Exercise directions: Please report each line of the data below that contains "Beach".

Records provided:
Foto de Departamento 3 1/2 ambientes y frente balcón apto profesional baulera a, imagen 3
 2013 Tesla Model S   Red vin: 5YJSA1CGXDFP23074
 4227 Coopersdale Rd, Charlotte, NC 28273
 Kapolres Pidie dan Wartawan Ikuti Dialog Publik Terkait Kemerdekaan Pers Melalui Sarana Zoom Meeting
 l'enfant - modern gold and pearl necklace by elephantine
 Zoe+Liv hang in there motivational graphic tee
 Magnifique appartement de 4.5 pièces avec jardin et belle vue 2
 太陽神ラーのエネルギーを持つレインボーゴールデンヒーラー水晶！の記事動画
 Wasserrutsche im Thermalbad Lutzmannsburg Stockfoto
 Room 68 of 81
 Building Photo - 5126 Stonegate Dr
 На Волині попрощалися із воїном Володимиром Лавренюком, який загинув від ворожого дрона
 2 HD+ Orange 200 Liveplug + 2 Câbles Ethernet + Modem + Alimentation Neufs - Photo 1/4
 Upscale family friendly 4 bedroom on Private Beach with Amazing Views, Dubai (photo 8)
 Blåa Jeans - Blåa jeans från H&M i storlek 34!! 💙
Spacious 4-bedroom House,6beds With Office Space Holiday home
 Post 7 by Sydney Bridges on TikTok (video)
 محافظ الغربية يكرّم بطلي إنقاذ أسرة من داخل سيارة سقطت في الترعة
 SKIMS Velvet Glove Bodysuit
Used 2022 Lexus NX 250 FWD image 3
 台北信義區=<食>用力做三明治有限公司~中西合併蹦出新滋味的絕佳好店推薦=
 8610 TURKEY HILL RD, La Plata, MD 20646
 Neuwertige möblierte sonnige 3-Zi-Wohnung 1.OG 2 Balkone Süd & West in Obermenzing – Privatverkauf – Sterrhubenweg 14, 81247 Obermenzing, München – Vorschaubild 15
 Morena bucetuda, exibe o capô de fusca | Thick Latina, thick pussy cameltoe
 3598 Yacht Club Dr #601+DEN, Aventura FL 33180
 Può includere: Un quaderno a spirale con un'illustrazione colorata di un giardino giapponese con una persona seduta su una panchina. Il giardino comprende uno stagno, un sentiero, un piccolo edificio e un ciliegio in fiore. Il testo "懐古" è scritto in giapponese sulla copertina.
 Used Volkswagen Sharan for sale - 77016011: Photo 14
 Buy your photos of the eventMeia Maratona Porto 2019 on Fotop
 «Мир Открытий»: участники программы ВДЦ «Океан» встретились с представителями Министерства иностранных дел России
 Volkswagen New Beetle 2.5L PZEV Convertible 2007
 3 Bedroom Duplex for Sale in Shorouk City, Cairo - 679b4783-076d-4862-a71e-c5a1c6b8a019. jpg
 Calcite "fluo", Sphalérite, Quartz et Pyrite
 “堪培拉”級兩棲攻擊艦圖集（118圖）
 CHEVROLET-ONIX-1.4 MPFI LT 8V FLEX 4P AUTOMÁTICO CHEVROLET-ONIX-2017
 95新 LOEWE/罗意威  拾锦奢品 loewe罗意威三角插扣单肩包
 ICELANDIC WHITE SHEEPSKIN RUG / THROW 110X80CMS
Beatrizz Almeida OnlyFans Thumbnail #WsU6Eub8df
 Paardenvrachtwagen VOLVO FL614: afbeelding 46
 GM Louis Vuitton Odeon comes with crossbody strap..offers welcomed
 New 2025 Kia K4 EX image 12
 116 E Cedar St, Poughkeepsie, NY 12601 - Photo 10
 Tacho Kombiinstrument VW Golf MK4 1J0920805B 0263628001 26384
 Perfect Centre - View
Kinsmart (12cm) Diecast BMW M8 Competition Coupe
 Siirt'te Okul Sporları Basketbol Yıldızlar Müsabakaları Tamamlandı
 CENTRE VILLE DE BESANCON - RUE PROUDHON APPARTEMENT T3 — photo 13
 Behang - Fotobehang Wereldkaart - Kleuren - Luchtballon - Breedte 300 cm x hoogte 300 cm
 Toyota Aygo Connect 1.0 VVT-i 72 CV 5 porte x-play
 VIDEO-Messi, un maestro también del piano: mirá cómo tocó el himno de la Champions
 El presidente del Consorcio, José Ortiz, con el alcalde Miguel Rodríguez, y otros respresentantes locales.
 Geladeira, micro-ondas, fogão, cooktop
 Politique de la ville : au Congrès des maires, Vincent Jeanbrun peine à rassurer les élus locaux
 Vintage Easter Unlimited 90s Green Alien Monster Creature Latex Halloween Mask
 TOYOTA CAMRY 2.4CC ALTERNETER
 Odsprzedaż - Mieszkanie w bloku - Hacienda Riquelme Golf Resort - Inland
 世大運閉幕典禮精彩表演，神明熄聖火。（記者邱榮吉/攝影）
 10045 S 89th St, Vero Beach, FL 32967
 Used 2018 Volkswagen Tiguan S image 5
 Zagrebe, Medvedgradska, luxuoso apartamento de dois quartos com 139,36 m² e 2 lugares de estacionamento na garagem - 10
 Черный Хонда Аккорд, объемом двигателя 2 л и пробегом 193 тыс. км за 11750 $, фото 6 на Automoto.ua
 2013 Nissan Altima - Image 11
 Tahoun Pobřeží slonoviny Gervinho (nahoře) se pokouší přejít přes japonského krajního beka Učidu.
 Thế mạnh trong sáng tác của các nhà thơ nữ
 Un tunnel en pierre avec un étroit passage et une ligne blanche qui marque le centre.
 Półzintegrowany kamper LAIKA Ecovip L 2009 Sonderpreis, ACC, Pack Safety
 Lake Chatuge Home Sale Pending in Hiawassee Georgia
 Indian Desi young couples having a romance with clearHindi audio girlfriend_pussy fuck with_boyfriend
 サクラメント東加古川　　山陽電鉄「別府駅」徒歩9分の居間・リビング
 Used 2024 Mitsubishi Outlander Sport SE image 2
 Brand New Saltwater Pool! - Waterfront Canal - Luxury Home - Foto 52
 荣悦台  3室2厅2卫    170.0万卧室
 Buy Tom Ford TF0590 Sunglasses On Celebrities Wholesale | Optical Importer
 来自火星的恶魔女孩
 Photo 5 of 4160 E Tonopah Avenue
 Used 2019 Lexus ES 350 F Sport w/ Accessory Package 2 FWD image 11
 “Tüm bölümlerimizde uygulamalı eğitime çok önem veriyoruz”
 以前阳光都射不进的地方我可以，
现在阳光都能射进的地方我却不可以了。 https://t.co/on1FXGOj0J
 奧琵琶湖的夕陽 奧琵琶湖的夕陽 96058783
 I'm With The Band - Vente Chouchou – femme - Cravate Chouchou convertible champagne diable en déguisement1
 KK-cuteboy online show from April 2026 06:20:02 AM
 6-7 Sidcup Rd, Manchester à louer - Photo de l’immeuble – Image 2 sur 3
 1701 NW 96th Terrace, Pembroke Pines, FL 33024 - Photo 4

Exercise response:
 Upscale family friendly 4 bedroom on Private Beach with Amazing Views, Dubai (photo 8)
 10045 S 89th St, Vero Beach, FL 32967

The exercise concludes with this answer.